I asked the guy who’d invited us if I would be able to get out if the heat became too intense. He told me to “get low” when it became unbearable, mimicking the fetal position. As we began to file in, I think he mentioned something about two hours. But I was already being doused in sage smoke, kissing the dirt at the threshold as instructed, and crawling inside. Once we were packed in a tight circle, the guide began shoveling large volcanic stones in from the fire pit using actual deer antlers. With every new smoldering addition, the pile encroached further on my feet, and I prayed it was the last. I think it’s hot enough now, folks! At last the man crawled inside, thankfully the only person between us and the small exit.

At this point there was no turning back, and my eyes began to brim with anxious tears. As heavy wool came down to conceal the opening, the volcanic heat hitting my face was both intense and instantaneous. The spiritual guide began pounding on his deerskin drum, and his voice filled the tiny dome with the song of a foreign prayer. He splashed hot water onto the stones, and with a sharp hiss, scalding steam rose and quickly enveloped us all. My lungs burned as I inhaled, my heart raced, and sweat rushed down my entire body.

I shifted into the fetal position, put my nose to the ground, and attempted a slow, calm inhale. I was relieved to find that it was in fact easier to breathe down there, and I tried my best to focus on the drum and clear my panicked thoughts. Just as I began to relax, the rocks were doused again, and a new rush of fiery vapor burned my back and choked my lungs. On this cycle went, over and over. I’m guessing about 20 minutes passed, though time was muddled by the black fog of stifling heat and deerskin percussion.

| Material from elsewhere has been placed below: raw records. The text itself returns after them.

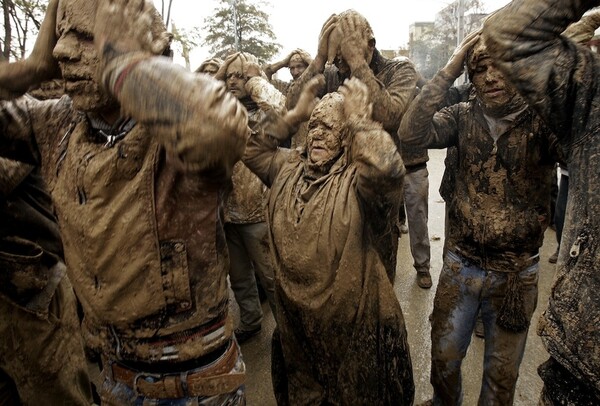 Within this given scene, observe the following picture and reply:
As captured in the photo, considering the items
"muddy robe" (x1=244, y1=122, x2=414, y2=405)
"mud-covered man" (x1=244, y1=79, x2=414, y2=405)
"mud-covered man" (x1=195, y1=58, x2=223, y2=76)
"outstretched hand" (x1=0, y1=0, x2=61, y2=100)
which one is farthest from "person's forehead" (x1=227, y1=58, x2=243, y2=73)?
"outstretched hand" (x1=0, y1=0, x2=61, y2=100)

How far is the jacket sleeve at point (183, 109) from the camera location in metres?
0.98

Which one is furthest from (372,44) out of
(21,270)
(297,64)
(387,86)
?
(21,270)

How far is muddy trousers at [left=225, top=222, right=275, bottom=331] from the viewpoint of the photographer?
350cm

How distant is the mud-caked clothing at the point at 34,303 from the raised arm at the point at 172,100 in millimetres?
1352

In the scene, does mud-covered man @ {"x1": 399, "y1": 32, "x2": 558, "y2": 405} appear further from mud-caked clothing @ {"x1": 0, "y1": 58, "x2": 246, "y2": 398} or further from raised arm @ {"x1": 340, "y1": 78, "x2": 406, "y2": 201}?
mud-caked clothing @ {"x1": 0, "y1": 58, "x2": 246, "y2": 398}

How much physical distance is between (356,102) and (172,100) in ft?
4.02

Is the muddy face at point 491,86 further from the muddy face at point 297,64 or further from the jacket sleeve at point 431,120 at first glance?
the muddy face at point 297,64

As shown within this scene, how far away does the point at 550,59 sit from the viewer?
1.41 m

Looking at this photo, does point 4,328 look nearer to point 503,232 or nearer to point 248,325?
point 248,325

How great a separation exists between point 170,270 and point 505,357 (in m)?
2.01

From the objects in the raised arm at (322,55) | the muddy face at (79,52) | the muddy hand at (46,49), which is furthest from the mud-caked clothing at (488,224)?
the muddy hand at (46,49)

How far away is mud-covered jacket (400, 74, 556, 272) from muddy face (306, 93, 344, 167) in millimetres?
632

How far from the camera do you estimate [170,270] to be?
54.9 inches

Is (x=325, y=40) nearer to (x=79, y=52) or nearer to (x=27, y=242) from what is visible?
(x=79, y=52) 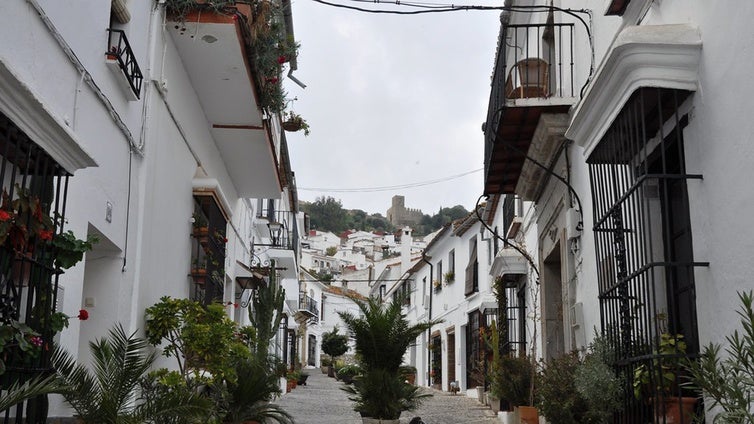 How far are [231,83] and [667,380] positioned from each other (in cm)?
691

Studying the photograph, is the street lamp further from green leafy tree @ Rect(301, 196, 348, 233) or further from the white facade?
green leafy tree @ Rect(301, 196, 348, 233)

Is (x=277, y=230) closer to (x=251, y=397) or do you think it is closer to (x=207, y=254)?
(x=207, y=254)

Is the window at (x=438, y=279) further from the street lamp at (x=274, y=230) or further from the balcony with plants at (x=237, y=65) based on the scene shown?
the balcony with plants at (x=237, y=65)

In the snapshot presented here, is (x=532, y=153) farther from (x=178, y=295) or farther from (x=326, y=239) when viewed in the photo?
(x=326, y=239)

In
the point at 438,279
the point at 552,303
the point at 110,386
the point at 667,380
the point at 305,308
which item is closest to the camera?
the point at 667,380

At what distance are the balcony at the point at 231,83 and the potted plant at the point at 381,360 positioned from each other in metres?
2.90

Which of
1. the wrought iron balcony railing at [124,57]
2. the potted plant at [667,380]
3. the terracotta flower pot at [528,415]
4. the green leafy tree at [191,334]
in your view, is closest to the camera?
the potted plant at [667,380]

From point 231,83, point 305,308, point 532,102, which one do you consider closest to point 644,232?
point 532,102

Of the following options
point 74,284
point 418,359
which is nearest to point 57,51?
point 74,284

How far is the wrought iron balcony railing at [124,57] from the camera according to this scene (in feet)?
24.1

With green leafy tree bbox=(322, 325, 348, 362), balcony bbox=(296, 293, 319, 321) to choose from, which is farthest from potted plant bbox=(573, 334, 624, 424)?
green leafy tree bbox=(322, 325, 348, 362)

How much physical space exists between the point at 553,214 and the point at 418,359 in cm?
2552

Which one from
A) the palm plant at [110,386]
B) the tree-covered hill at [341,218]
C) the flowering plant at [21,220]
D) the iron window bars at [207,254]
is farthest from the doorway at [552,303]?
the tree-covered hill at [341,218]

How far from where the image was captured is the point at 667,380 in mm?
5457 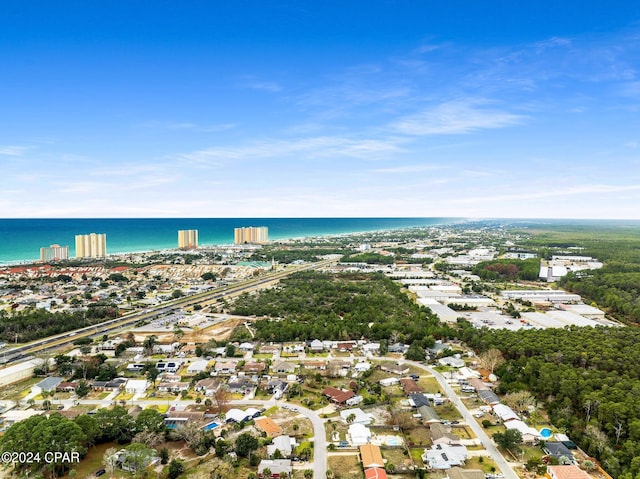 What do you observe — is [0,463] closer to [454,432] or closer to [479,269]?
[454,432]

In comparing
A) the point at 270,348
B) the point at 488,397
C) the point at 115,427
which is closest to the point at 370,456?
the point at 488,397

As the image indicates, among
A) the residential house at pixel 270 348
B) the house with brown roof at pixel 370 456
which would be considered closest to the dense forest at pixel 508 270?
the residential house at pixel 270 348

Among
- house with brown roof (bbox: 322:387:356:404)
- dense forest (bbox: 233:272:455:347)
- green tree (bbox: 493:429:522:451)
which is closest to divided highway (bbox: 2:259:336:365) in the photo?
dense forest (bbox: 233:272:455:347)

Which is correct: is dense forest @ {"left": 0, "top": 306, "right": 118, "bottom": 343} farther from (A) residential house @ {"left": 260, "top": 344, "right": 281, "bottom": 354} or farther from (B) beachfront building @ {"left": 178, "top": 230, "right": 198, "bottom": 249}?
(B) beachfront building @ {"left": 178, "top": 230, "right": 198, "bottom": 249}

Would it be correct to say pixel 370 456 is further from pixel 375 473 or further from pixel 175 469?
pixel 175 469

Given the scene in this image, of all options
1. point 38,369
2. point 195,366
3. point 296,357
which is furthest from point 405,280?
point 38,369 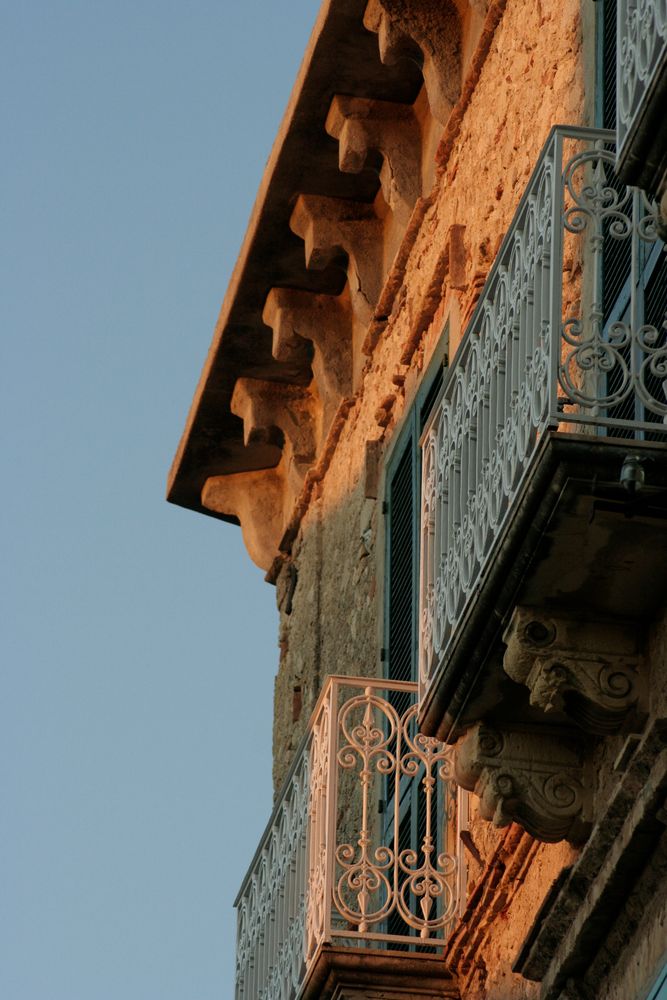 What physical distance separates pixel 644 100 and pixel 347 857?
343 cm

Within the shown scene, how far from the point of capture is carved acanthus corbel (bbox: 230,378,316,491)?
1193 centimetres

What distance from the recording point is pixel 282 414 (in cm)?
1195

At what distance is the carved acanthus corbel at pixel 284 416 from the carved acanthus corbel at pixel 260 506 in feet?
1.74

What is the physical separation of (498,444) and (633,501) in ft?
2.37

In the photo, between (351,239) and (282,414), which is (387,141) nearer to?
(351,239)

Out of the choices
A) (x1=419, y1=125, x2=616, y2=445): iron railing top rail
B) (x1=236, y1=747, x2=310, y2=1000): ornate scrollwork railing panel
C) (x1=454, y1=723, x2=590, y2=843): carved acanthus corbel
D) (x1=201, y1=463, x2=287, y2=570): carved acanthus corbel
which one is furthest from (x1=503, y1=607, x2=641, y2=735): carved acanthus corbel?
(x1=201, y1=463, x2=287, y2=570): carved acanthus corbel

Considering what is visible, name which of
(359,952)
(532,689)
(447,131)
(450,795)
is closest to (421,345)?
(447,131)

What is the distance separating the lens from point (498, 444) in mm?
6508

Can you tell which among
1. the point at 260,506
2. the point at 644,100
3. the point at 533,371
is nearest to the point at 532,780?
the point at 533,371

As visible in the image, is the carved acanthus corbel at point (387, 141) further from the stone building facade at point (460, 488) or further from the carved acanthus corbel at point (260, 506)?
the carved acanthus corbel at point (260, 506)

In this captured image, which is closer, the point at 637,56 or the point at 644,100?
the point at 644,100

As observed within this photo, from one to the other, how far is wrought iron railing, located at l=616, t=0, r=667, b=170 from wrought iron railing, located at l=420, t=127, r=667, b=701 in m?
0.54

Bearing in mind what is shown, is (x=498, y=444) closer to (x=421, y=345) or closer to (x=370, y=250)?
(x=421, y=345)

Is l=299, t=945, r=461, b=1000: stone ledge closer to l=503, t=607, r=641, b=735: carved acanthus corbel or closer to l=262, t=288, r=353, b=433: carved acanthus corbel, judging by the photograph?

There was no way I would last in this inferno for two hours, enduring the rocks pressing into my knees; sucking in pained, shallow breaths; and exchanging sweat with strangers. I finally rationalized that if I was going to interrupt the ceremony anyway, why stay any longer?

I reached blindly in the dark and gave the Mayan’s arm a squeeze. Not recognizing a response, my foggy head became filled with dread. Yet in a few moments, I heard some words I actually knew: abre la puerta. The door opened to a rush of fresh air, and everyone began to chatter in Spanish, instructing us on the proper way to exit. We struggled to understand but hustled to the door, ecstatic for the cool relief. We did it! It’s over! We were so proud.

We took a seat outside by the dwindling fire. The spinning in our heads slowed while the sweat began to evaporate from our bodies in the evening air. That’s when we realized that nobody other than the guide had followed us. Wait. Did they open the door just for us? Someone began to pile more volcanic rocks in, which led us to believe this was a scheduled break. But the guide wasn’t going back in. Did we ruin the entire thing?

I looked toward the old wise man expectantly, hoping for answers. Instead, he dropped the wrap from his waist and walked toward the rudimentary shower, stark naked. I checked “Aztec spiritual guide’s genitals” off the list of things I never expected to gaze upon. When he was done, he motioned for us to do the same, so I rinsed off dutifully while avoiding eye contact.

We collected our things under a cloud of shame and embarrassment and tiptoed into the dark jungle. We heard the guide’s voice as we passed him, now thankfully clothed. “I think he’s praying for our souls,” whispered Reece. No, he was just on his cell phone. So off we ran, making yet another hasty escape before he could finish.